(Beginning of Data for review)

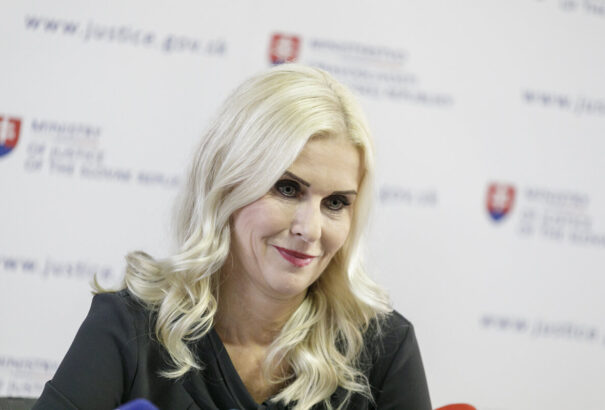 Az igazságügyi tárca titkolja, hogy mekkora lelépőt fizetett ki a távozó Jankovskának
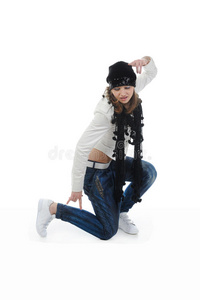 跳街舞的年轻女子图片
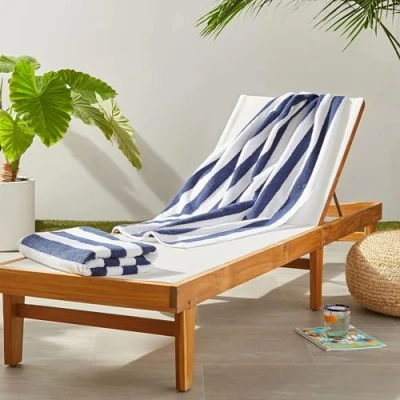 Afbeelding van Amazon Basics Set van 2 Cabana gestreepte strandhanddoeken, marineblauw, 152 x 76 cm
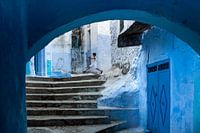 Kleiner Fußballspieler in Chefchaouen, Marokko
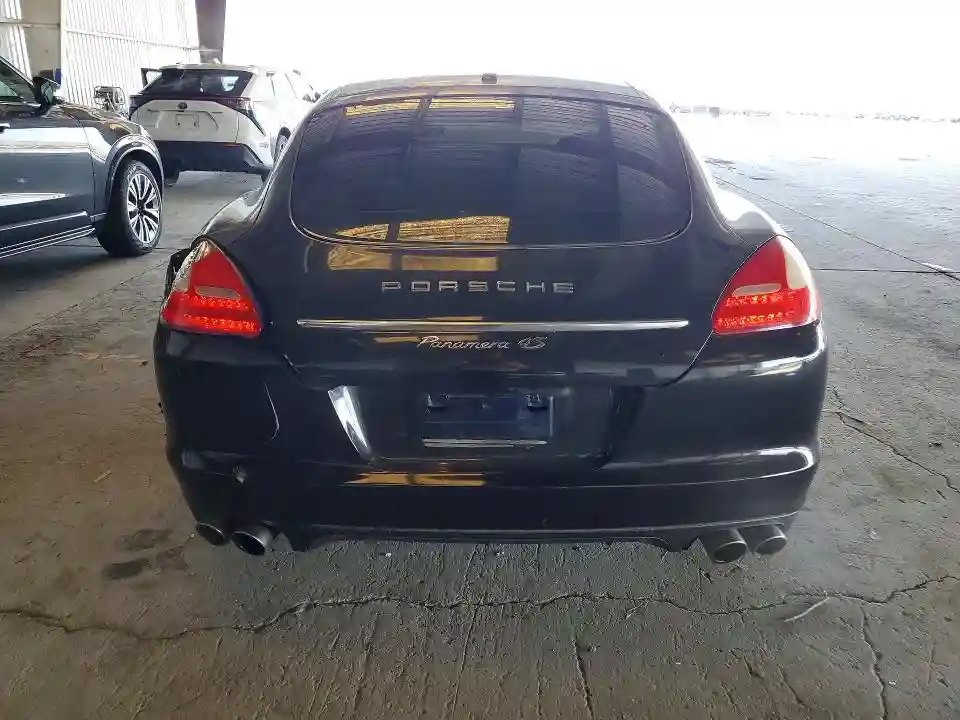 WP0AB2A73AL065091 2010 PORSCHE PANAMERA-5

(End of Data for review)

Action item: Output the line containing "Kleiner Fußballspieler in" along with every line after it to the end of the material, exactly as written, but without pictures.

Exercise response:
 Kleiner Fußballspieler in Chefchaouen, Marokko
 WP0AB2A73AL065091 2010 PORSCHE PANAMERA-5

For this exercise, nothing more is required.